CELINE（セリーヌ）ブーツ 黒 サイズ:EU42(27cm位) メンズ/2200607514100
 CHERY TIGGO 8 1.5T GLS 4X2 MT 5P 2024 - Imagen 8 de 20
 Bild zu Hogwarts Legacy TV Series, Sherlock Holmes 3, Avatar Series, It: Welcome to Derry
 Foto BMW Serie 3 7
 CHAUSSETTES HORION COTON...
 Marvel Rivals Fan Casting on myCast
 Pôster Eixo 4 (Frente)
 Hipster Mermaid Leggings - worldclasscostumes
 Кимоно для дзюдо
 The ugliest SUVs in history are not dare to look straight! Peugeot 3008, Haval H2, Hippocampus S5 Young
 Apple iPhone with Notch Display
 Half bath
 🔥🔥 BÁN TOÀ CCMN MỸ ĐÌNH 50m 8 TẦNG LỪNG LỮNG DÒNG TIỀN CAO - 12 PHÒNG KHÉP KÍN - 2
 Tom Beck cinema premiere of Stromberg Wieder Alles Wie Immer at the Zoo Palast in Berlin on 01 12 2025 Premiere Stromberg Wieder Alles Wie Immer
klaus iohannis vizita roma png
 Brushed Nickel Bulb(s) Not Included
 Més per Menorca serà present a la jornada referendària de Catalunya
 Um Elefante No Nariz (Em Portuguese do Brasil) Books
------------------------------
§ HOW TO COMPLETE THIS TASK: Nothing but the lines from the one containing "Més per Menorca" through the last line of the data above should be given again, each exactly as it stands.

§ RESPONSE TO THE TASK:
 Més per Menorca serà present a la jornada referendària de Catalunya
 Um Elefante No Nariz (Em Portuguese do Brasil) Books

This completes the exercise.